• _Aim of the task_
Return each record word for word and omit the pictures.

(Input data)

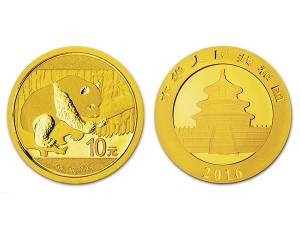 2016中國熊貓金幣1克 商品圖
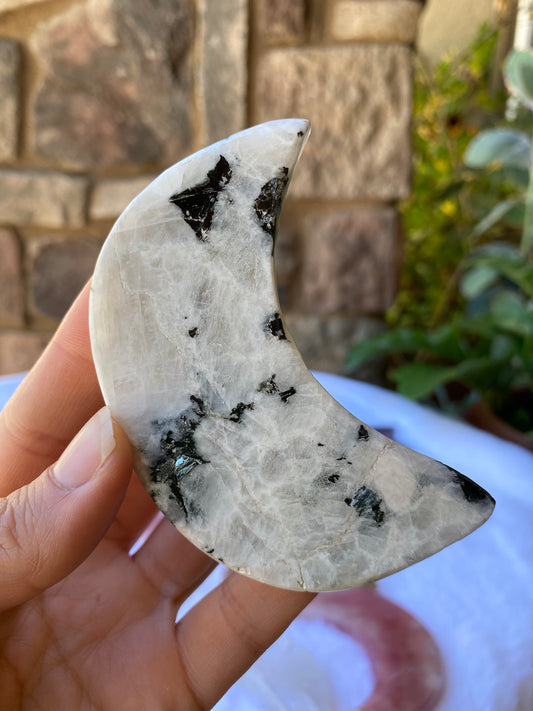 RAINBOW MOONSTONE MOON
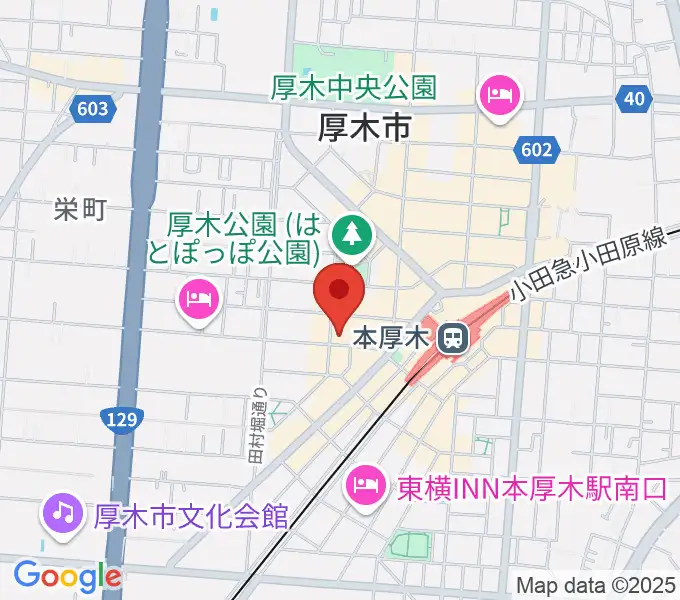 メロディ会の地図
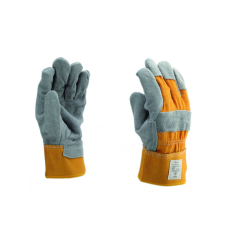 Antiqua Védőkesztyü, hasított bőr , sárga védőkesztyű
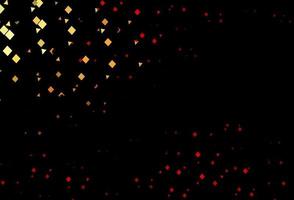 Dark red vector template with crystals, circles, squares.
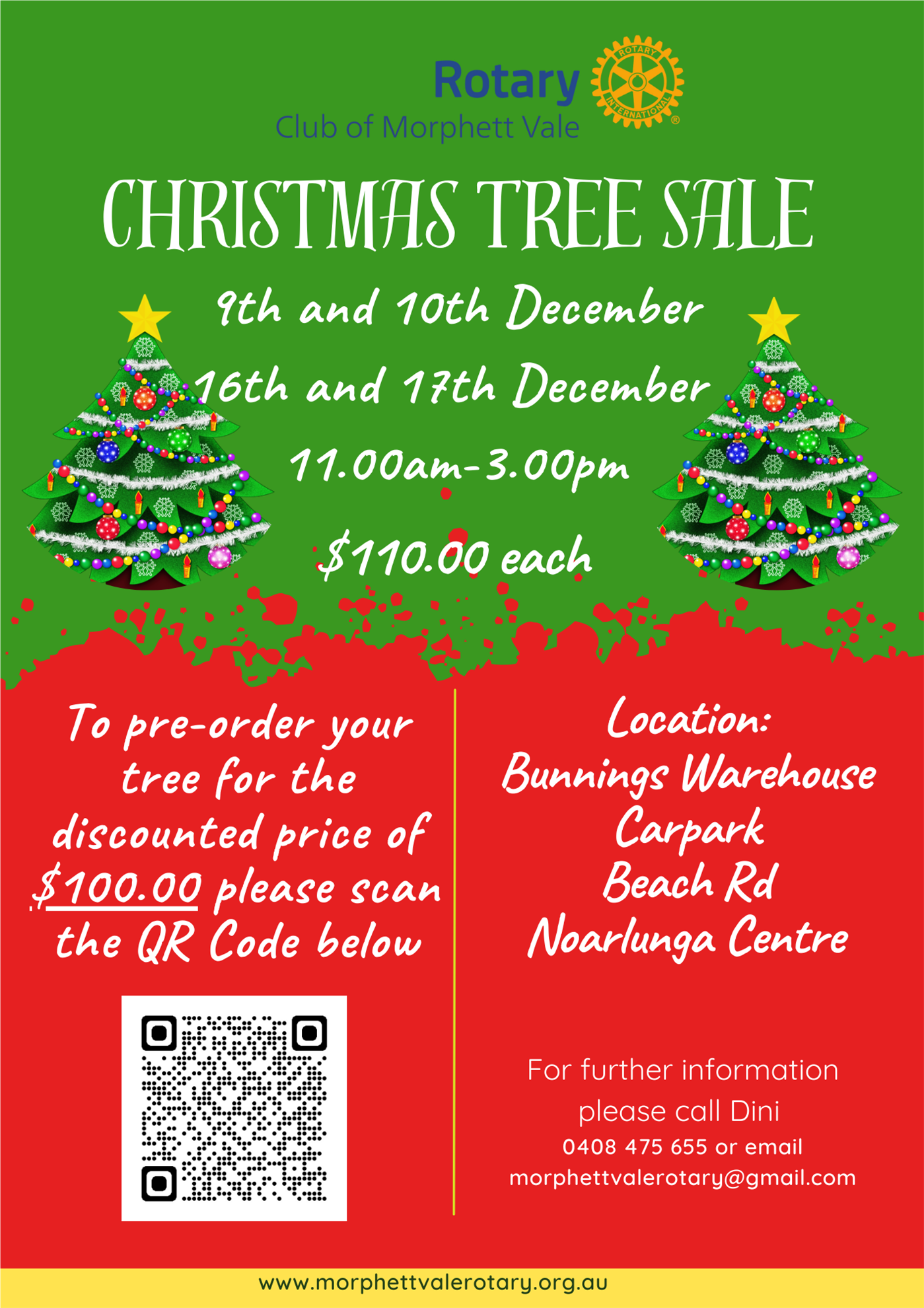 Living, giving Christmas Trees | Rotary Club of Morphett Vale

(End Input data)

• _Result of this exercise_
 2016中國熊貓金幣1克 商品圖
 RAINBOW MOONSTONE MOON
 メロディ会の地図
 Antiqua Védőkesztyü, hasított bőr , sárga védőkesztyű
 Dark red vector template with crystals, circles, squares.
 Living, giving Christmas Trees | Rotary Club of Morphett Vale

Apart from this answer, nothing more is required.